= Abhishek Dogra =

Indian film director and writer

Abhishek Dogra is an Indian film director and writer. He made his directorial debut with the 2015 Hindi-language comedy film Dolly Ki Doli, followed by the 2018 comedy film FryDay.

== Career ==
Dogra began his career as an assistant director. He worked as an assistant to filmmaker R. Balki on the 2009 film Paa. His directorial debut, Dolly Ki Doli, was released in 2015 and starred Sonam Kapoor, Rajkummar Rao, Pulkit Samrat and Varun Sharma. In 2017, Dogra began directing Fry Day, later titled FryDay, starring Govinda and Varun Sharma.
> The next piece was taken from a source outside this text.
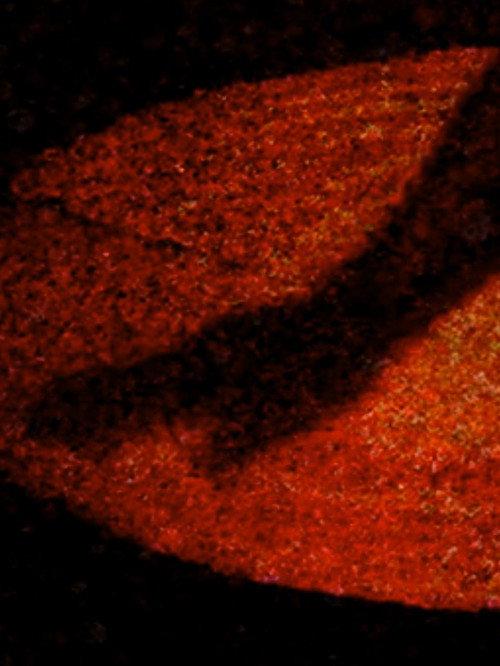 Materia Obscura 2009 official movie poster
The film was released in October 2018.

In September 2018, Dogra told IANS that he had signed a third film, described as a romantic comedy, following FryDay.

Dogra subsequently directed the music video Ishqam, released in 2019, featuring Mika Singh and Ali Quli Mirza. He also directed the streaming series Hey Prabhu!. The second season was directed by Dogra and was released in 2021.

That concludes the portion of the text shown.